The discrete random variable W has probability density function (p.d.f.) given by:
P(W=w) = c(5-w) for w= 0, 1, 2, 3
Find c
I honestly have no idea how to start Any help is appreciated.
Thanks.
the probabilities must add up to 1. So,
c(5-0)+c(5-1)+c(5-2)+c(5-3) = 1
5c+4c+3c+2c = 1
c = 1/14
well, if that is the whole distribution, they have to add up to 1
5 c +4 c + 3 c + 2 c = 1
Oh wow it was a lot easier than I thought...
Thanks so much!
You are welcome.
To find the value of c in the given problem, we need to use the fact that the sum of the probabilities for all possible values of W should be equal to 1.

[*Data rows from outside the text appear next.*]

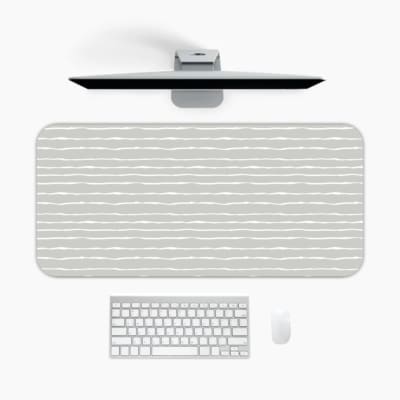 Infidu Light Gray Desk Mat with a subtle color effect, featuring a soft, monochromatic gray background with no prominent patterns. A desk pad under the computer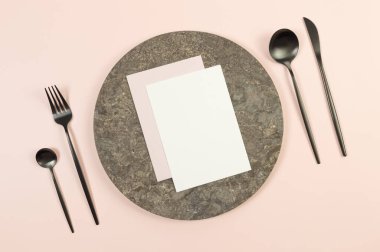 Kahverengi mermer plaka, pembe arka planda siyah çatal bıçak. Beyaz ve pembe kartlar. Yemek sunumu, taş tepsi. Tablo ayarı, kopyalama alanı, düz uzanma.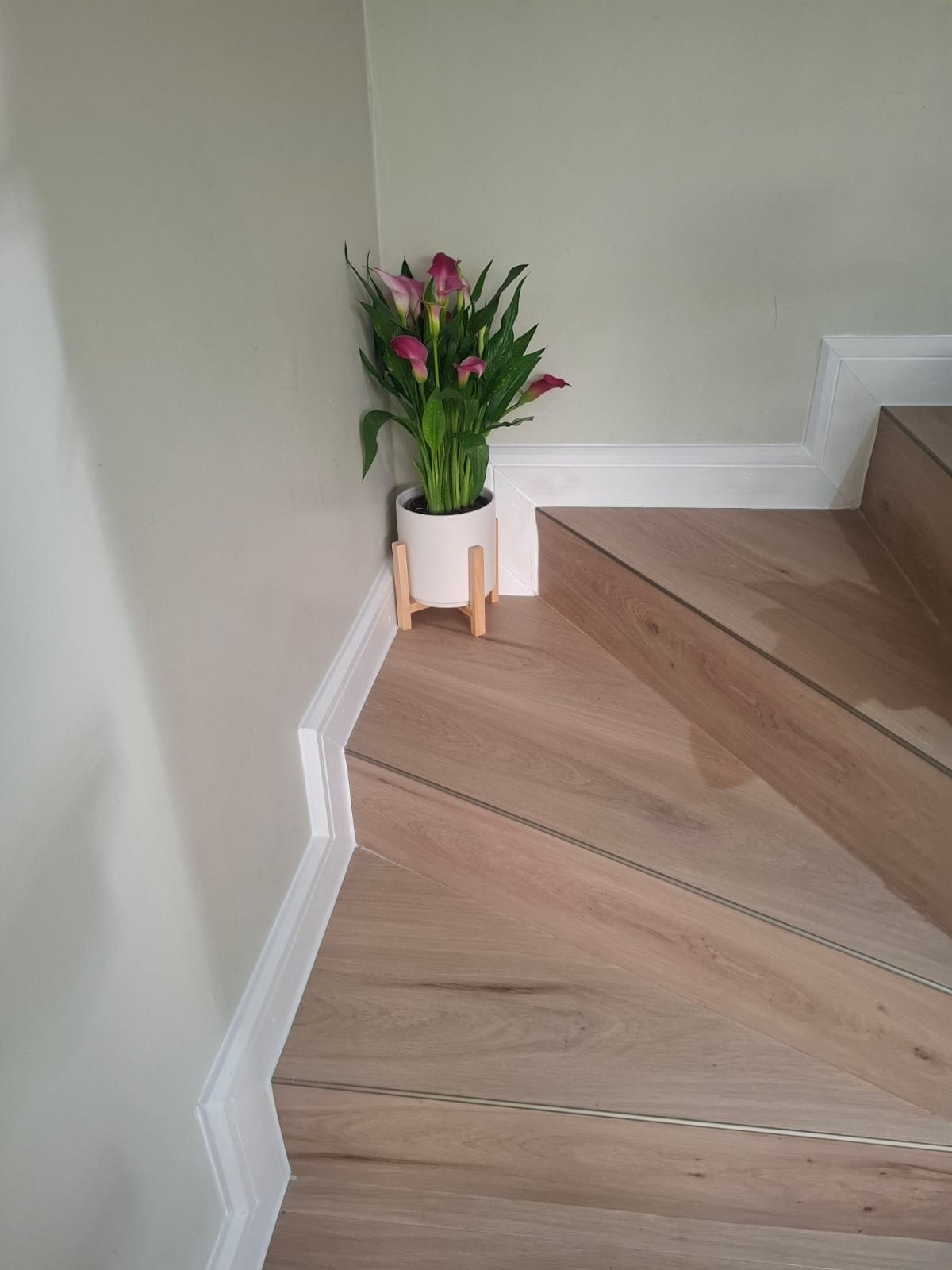 Close-up of the vinyl stair tread and landing with bronze trim detail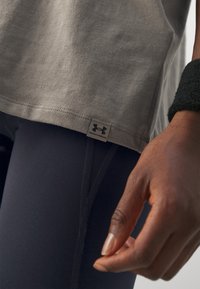 Gros plan d'une personne portant un t-shirt gris Under Armour, des leggings noirs et un bandeau noir au poignet, main détendue sur le côté.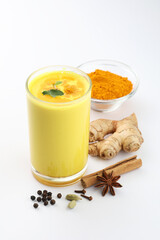Golden milk with milk, turmeric, cinnamon, ginger ,black pepper, honey for healthy drink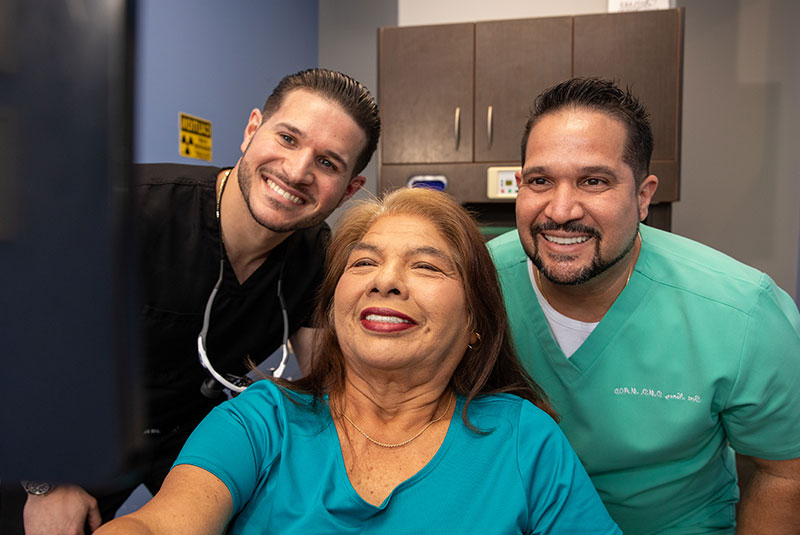 patient and doctor both smiling together after dental procedure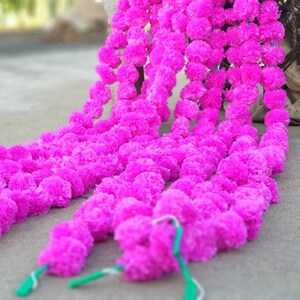 May include: A long garland of pink paper flowers, strung together in a continuous line. The garland is made of multiple strands of flowers, creating a full and lush look.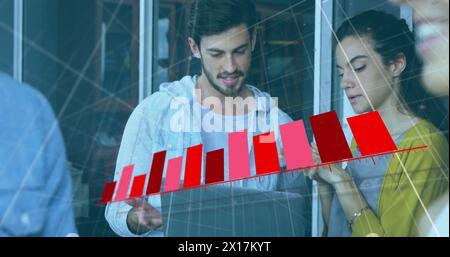Image of financial data processing over diverse businesspeople in office Stock Photo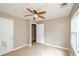 Bedroom with tile flooring and a ceiling fan at 10104 Fairington Ridge Cir, Lithonia, GA 30038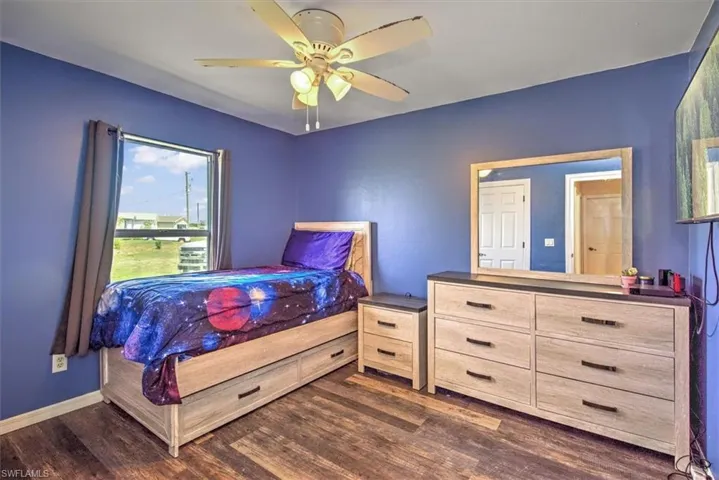 Bedroom 2 vinyl plank fooring and ceiling fan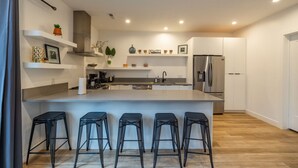 A modern kitchen with a central island, bar stools, white cabinetry, and stainless steel appliances. - Long stays|Desk|Garage (Salt Lake City)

In this case, we have the probabilities P(W = w) for w = 0, 1, 2, and 3, given by P(W = 0) = c(5-0), P(W = 1) = c(5-1), P(W = 2) = c(5-2), and P(W = 3) = c(5-3).
To find c, we sum up these probabilities and set the sum equal to 1:
P(W = 0) + P(W = 1) + P(W = 2) + P(W = 3) = 1
Substituting the given probabilities, we have:
c(5-0) + c(5-1) + c(5-2) + c(5-3) = 1
Simplifying the equation, we get:
c(5) + c(4) + c(3) + c(2) = 1
Now, let's factor out c from each term on the left side:
c(5 + 4 + 3 + 2) = 1
c(14) = 1
Finally, dividing both sides of the equation by 14:
c = 1/14
Therefore, the value of c that satisfies the given conditions is 1/14.